António Afonso
Toze

O Tozé (António José Afonso) é meu pai.
Esta edição fica a dever-se à vontade do meu pai. Em memória dele cumpro o seu desejo. Sempre me disse: «O Pessoa deixou uma arca, eu deixo-te uma pastinha». Depois tu, se te apetecer, publicas.» À minha avó ele dizia que escreveria três livros: o da adolescência (este), outro na maturidade, o último um grande romance que pudesse dar prazer a milhões de pessoas, em que, na velhice, faria um relato do humano.
Sempre o ouvi dizer que estava destinado a escrever uma literatura da felicidade, mas que até então só conseguira escrever na dor. Feliz, preferia berrar gritos metafísicos nos bares e embriagar-se com os amigos. Sobre as Histórias de Amor e de Obsessão, tentou inúmeras vezes explicar-me que pretendera descrever as relações que vão vir e que o tema do livro era a possibilidade de dizer tudo. Quando o acabou, deu-o a ler à minha tia e perguntou-lhe: «Tu publicavas?» Ela disse que sim. O meu avô disse-lhe: «Ó filho, publica, mas não ponhas o Afonso.»
O Tozé sempre se pretendeu um agitador. Colocava a escrita, o discurso e a acção no mesmo plano. No Liceu Camões um trabalho de Filosofia sobre o individualismo proclamou que era Deus e escreveu estrofes e um manifesto em que ridicularizava o reitor. Escreveu também duas peças de teatro, uma oficial, para o Cabeça de Martelo (o reitor) ler, outra, clandestina, que ensaiava com os amigos no escritório do meu avô, destinada a ser realmente representada na festa de finalistas. Foi denunciado e expulso. O meu avô sempre o apoiou e protegeu.
Outra coisa que toda a vida fui obrigada a escutar é que ele nunca se sentiu um revoltado, sempre amou a sociedade e sempre sonhou que tudo se tornasse cada vez mais complexo e contraditório. Este livro afirma-o e não há nele nenhum ambiente português ou de sofrimento da ditadura. Foi escrito por um homem que desde os 18 anos viveu em democracia. Sempre se proclamou um «euro-esquerdista liberal (psicótico-libertino)». Em Direito berrou: «Hoje, aqui, proclamo a greve eterna» (voltou a ser expulso e condenado à revelia na Boa-Hora a 15 meses de prisão). Muitos anos mais tarde, slogava, como ele dizia, «Contra o sacrista Gugu (Guterres), votar Dudu, votar Dudu (Durão Barroso)!»A frase de Maio que mais o apaixonou foi «A liberdade é o crime que contém todos os crimes: é a nossa arma absoluta.»
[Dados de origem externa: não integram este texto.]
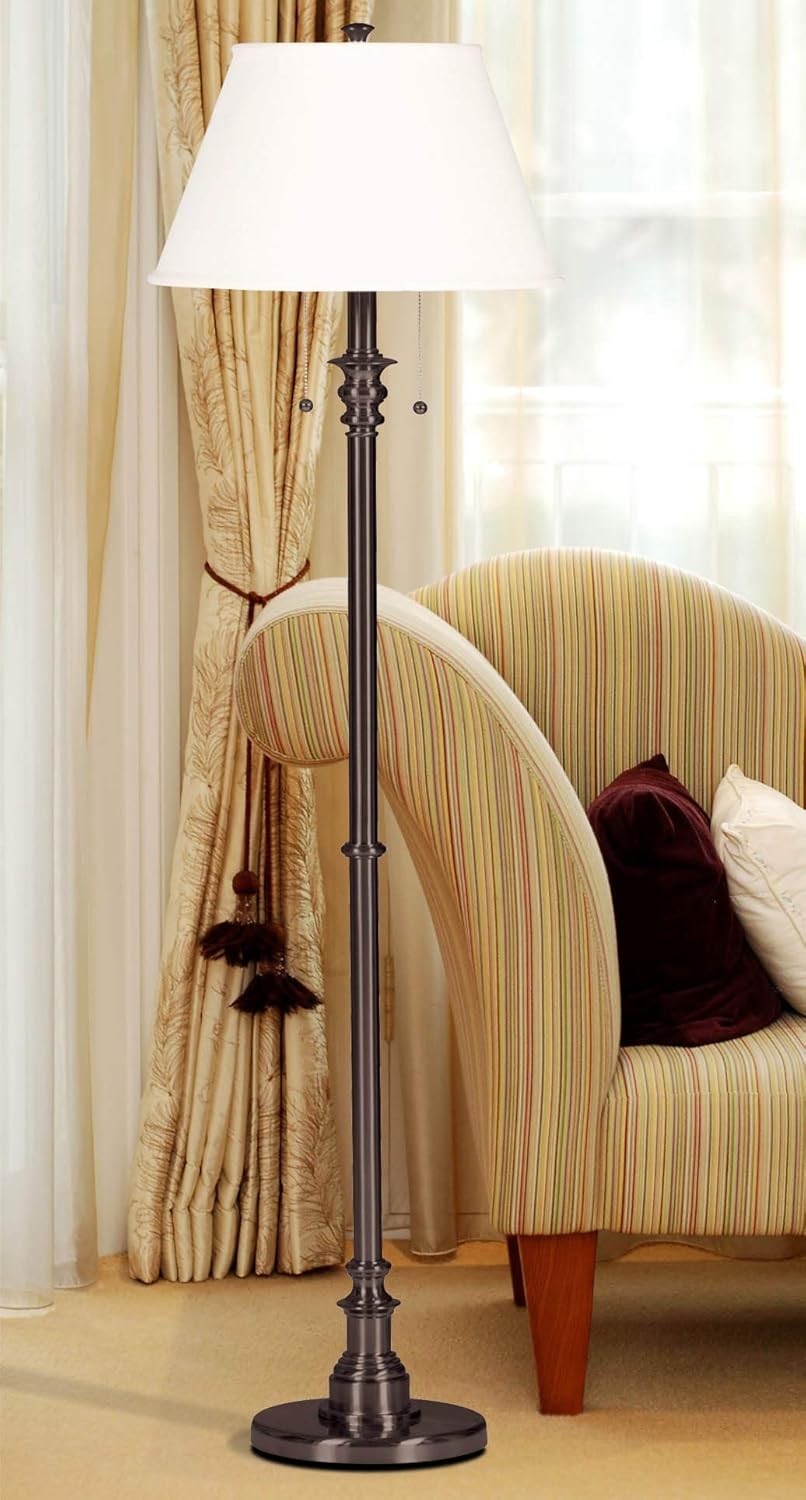 Adjustable Bronze Floor Lamp - Modern Spyglass Design for Living Room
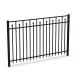 Top Flat Spear Steel Fence Panels 2100MM*2400MM Stain Black Powder Coated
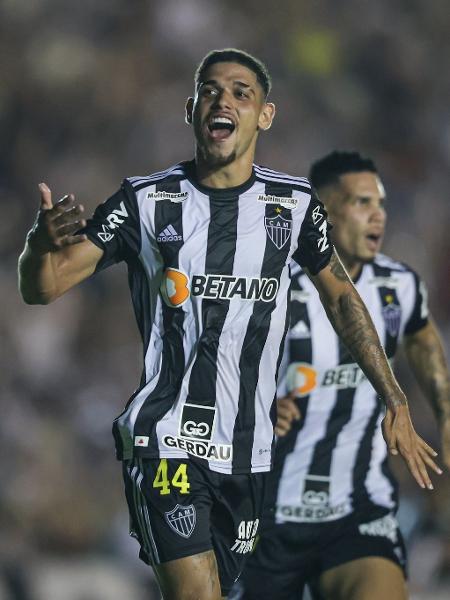 Rubens comemora o gol do Atlético-MG contra o Ipatinga - PEDRO SOUZA / ATLÉTICO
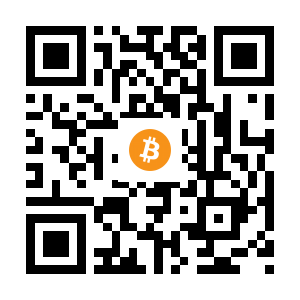 bitcoin:1AzfVFyhDkDMoQCkL7mwMSqn6eCJDZPRuw black Bitcoin QR code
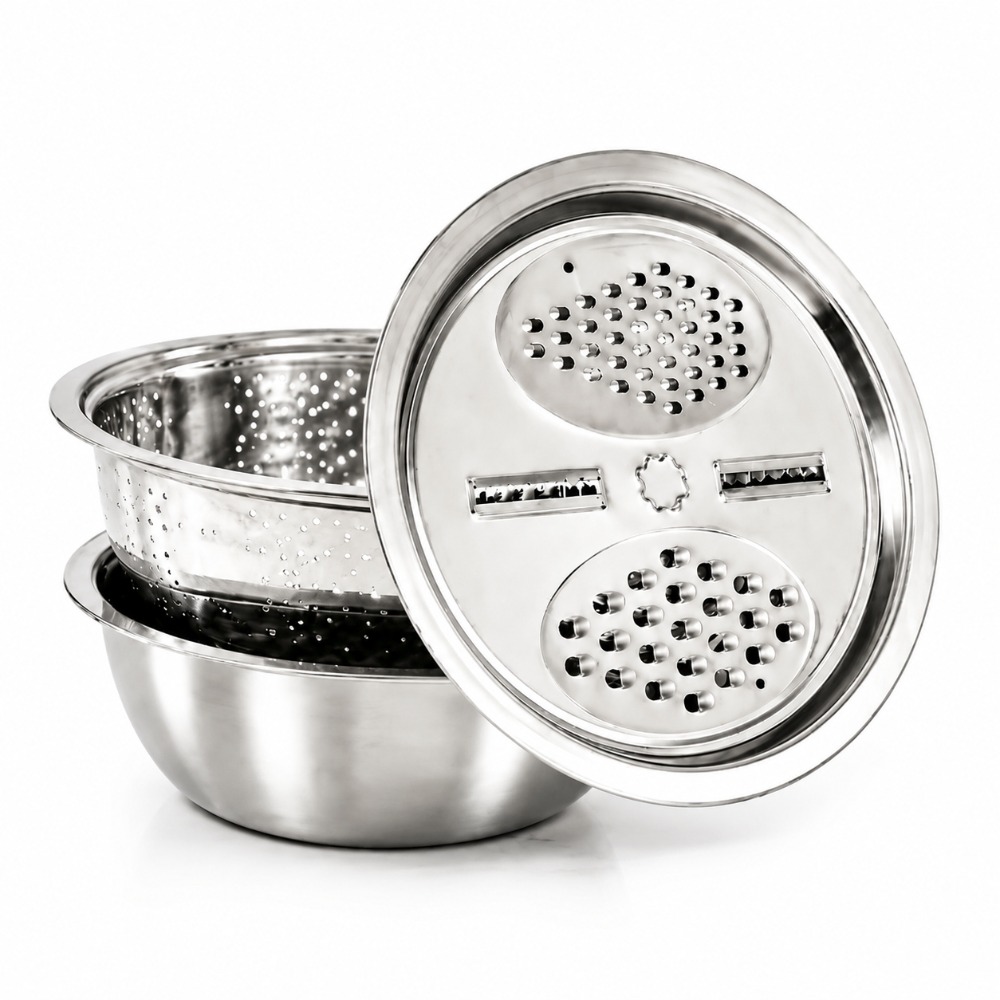3-delige roestvrijstalen vergi - Household Kitchen Gadgets Vegetable Cutter Silk Cutter recensie en prijs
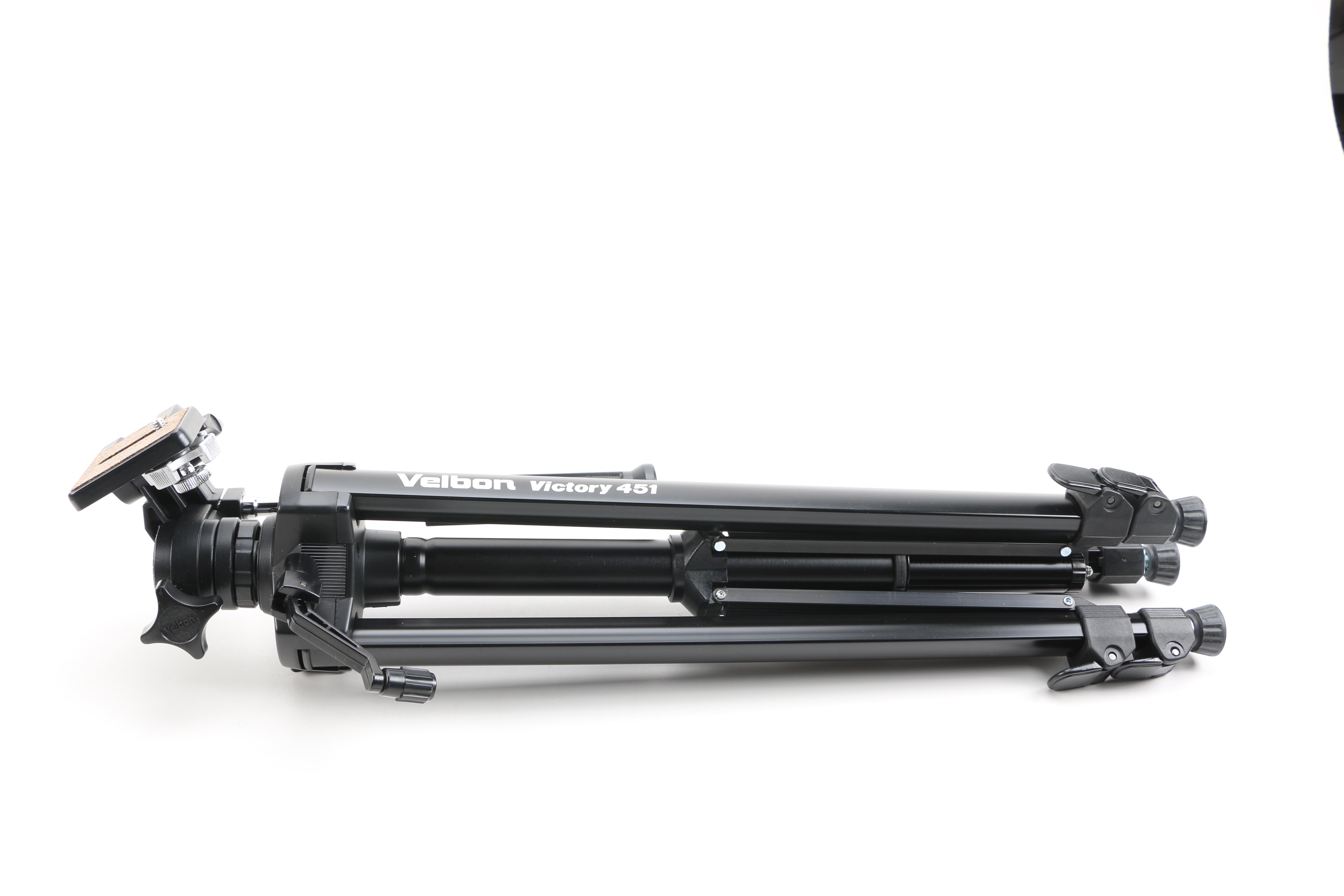 1980s Minolta Maxxum 7000 Camera and Accessories Including Velbon Tripod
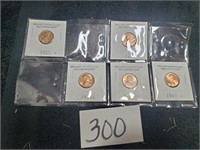 lot of brilliant Lincoln cents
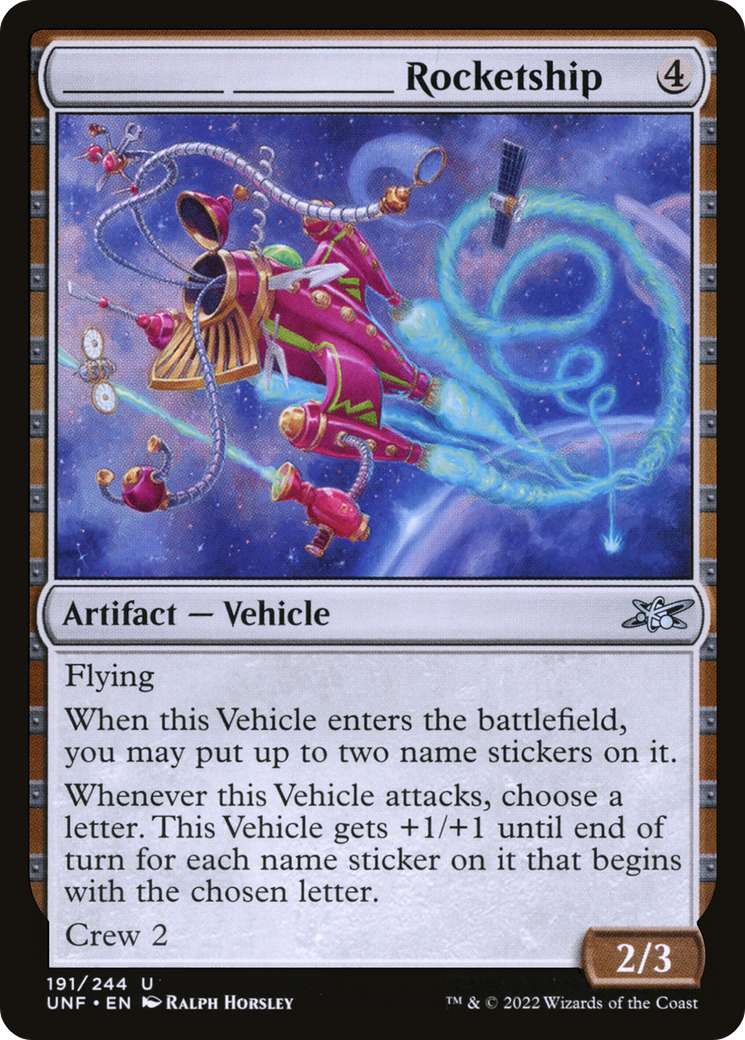 _______ _______ Rocketship (191) - Unfinity Foil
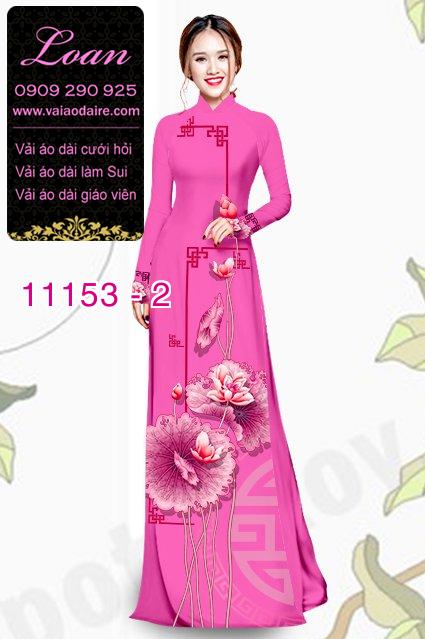 Vải áo dài hoa sen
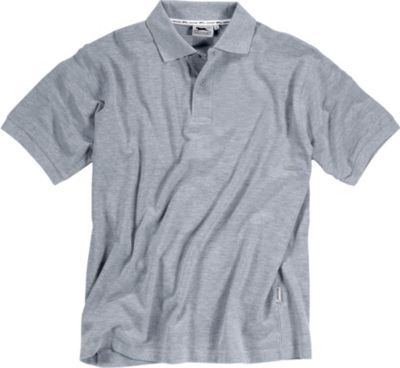 Herren Poloshirt, grau-meliert, Gr.XXL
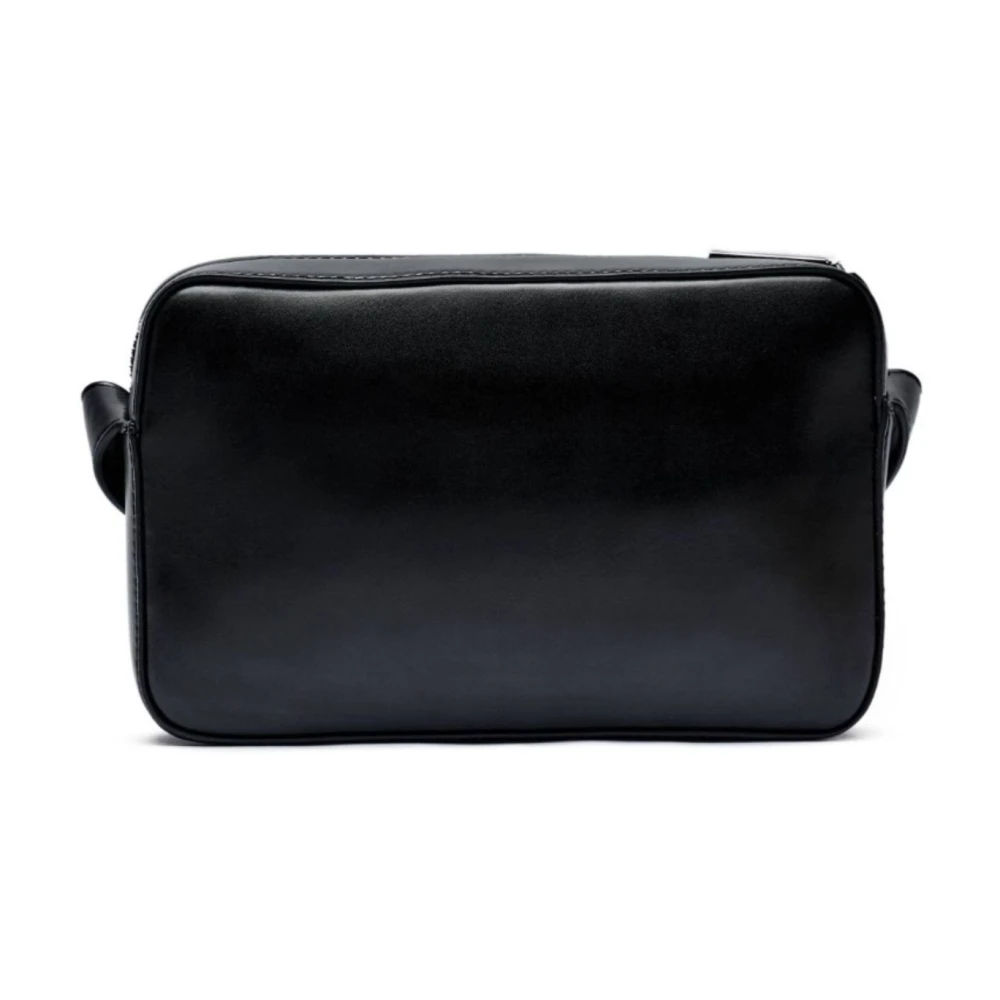 Calvin Klein Geëtst Logo Camera Tas voor Vrouwen Black Dames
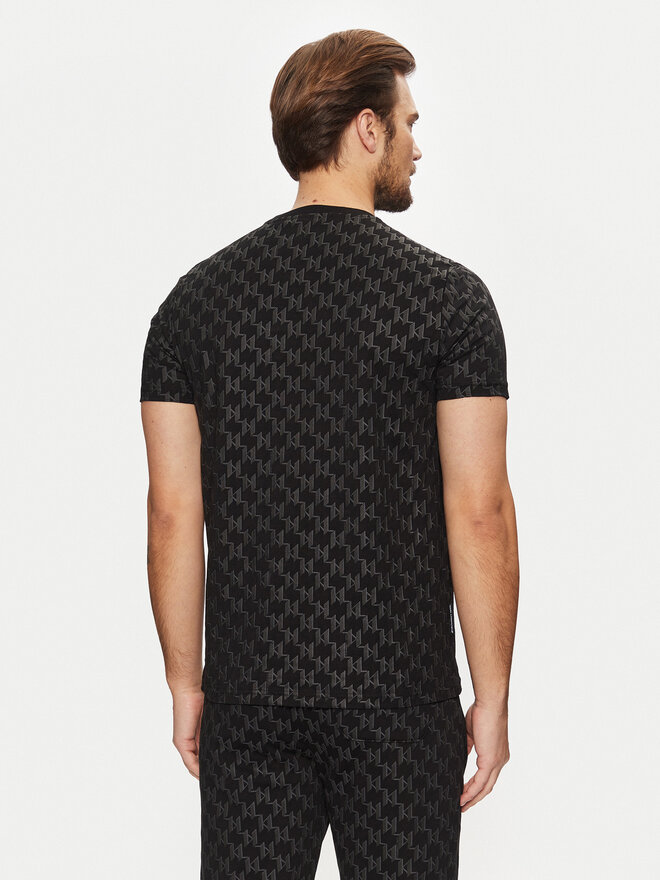 KARL LAGERFELD KARL LAGERFELD T-Shirt 755096 551251 Schwarz Regular Fit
Embora ultra-pacífico e sempre jocoso, foi sempre um belicista. Esteve com a intervenção anglo-americana no Iraque, antes disso com o «sagrado bombardeamento da Nato na Jugoslávia». Os amores políticos dele eram Olaf Palme, Willy Brandt, Helmut Schmidt, Vaclav Havel, Blair e Sarkozy. Citando Mário Neves, dizia: «Eu nunca mudei!» Também sempre o ouvi assumindo-se como jesuíta, republicano e democrata-radical. Teve medo de que as Histórias de Amor e de Obsessão fossem datadas. Recusou duas editoras. «Farei uma edição de autor luxuosíssima, a preço de custo, com capa do Jorge Varanda, cuja pintura diz o que diz a minha literatura.»
Os textos dele, para mim, são uma seca, excepto alguns em que se exprime «em fórmulas diamantinas que logo fazemos nossas», como disse um amigo dele o Carlos Bandeira de Lima. Herdei dele e do meu avô, espero, a palavra sem compromissos, a tolerância de tudo, a vontade de tudo integrar, a dúvida e a certeza levadas ao extremo do risco pessoal. Agradeço do fundo do coração à Rosa Oliveira e ao meu marido Torge Mönch, que sem grande conhecimento do Português, trabalhou que nem um alemão.
Esta explicação era necessária, porque o Tozé já cá não está. São palavras, claro, de uma filha (que ele se gabava de ter criado como uma «criança experimental» e de quem se orgulhava de ser a sua mais implacável critica. Não é totalmente verdade: politicamente estávamos de acordo).